I figure it will run in heat pump only mode for about 7 months a year saving an average of $30 a month in electricity savings puts me at about 2.5 year pay back.


----------



## woodgeek (Jul 2, 2014)

Even with heat stealing in the winter time, it will still be cheaper to operate in HP mode than electric.


----------



## Brian26 (Jul 2, 2014)

seige101 said:


> It has been just about 5 months since i installed the Geospring. It was replacing a 5 year old 40 gal generic electric that sprung a leak.
> 
> Paid 999.00 at lowes after 10% off and purchased the 10 year extended warranty for $99 for peace of mind. Plumber charged me $170 to hook it up. Just recieved the $750 rebate from the mass save program a few weeks ago so total cost of Water heater $348 with warranty $518 installed only about $100 more than if i had replaced it with a conventional electric unit.
> 
> ...



Where is your located? Mine is in my unfinished basement and I run mine in heat pump only mode year round. I think the amount of heat they suck out of the air is minimal. I have a temp and humidity gauge down there and never notice much of a temperature difference. Stays 70-75 all summer and 55-65 all winter down there. 
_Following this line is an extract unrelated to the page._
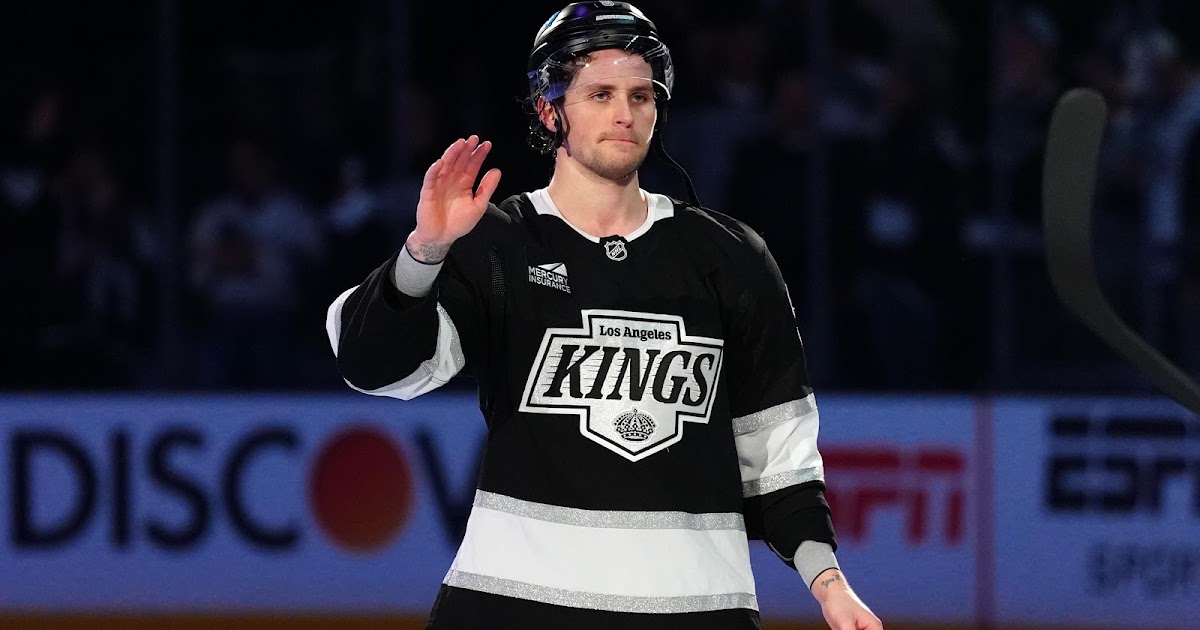 Major Update on Adrian Kempe Extension Talks With LA Kings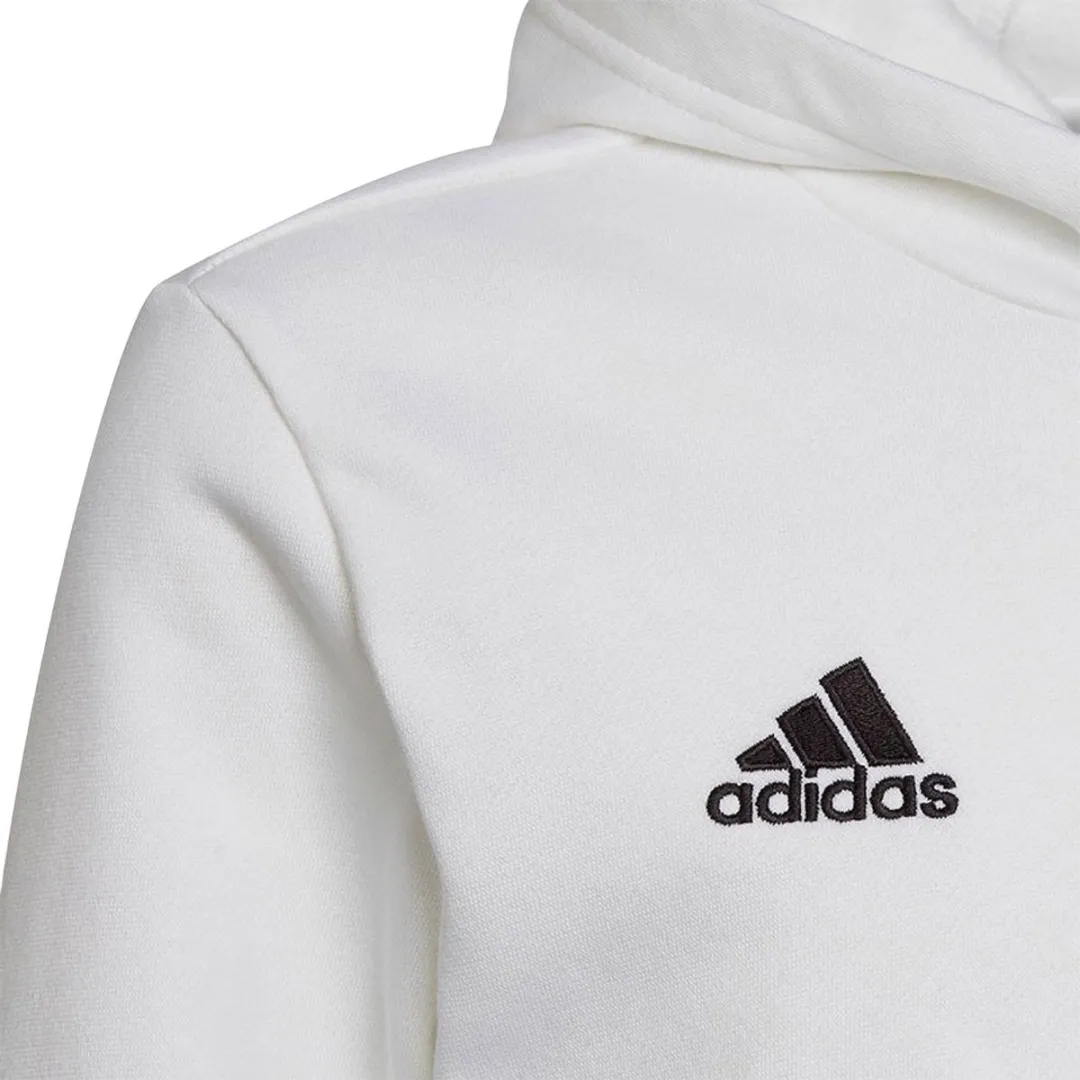 Adidas Entrada 22 Sweater - Kinderen 140 - Wit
The savings are massive in heat pump mode as it uses 500 watts compared to the elements that use 4500.


----------



## velvetfoot (Jul 2, 2014)

Massive?  It uses those 500 watts longer.  My Nyletherm runs for about an hour to recover.


----------



## woodgeek (Jul 2, 2014)

Indeed.  The COP is 2-ish.  You prob get 2.5 in the summer (60% savings), and with the lower COP and heatstealing in the winter, prob at least 20-30% savings relative to electric conventional.


----------



## seige101 (Jul 2, 2014)

The water heater is in a section of unfinished basement, the walls are insulated though. The pellet stove is in the finished family room, we usually keep the utility room door open in the winter and keep the room warm because it helps keep the bathroom floor warmer. I was concerned about heating the space with pellets and then cooling the space with the heat pump. You guys don't think that is counter productive?


----------



## woodgeek (Jul 2, 2014)

If all of the BTUs 'stolen' came from the house (not the ground) AND they cost the same per BTU as resistance heat, then the HPWH would still just cost the same as conventional electric in the Winter (not more).  Otherwise, you still save running the HPWH.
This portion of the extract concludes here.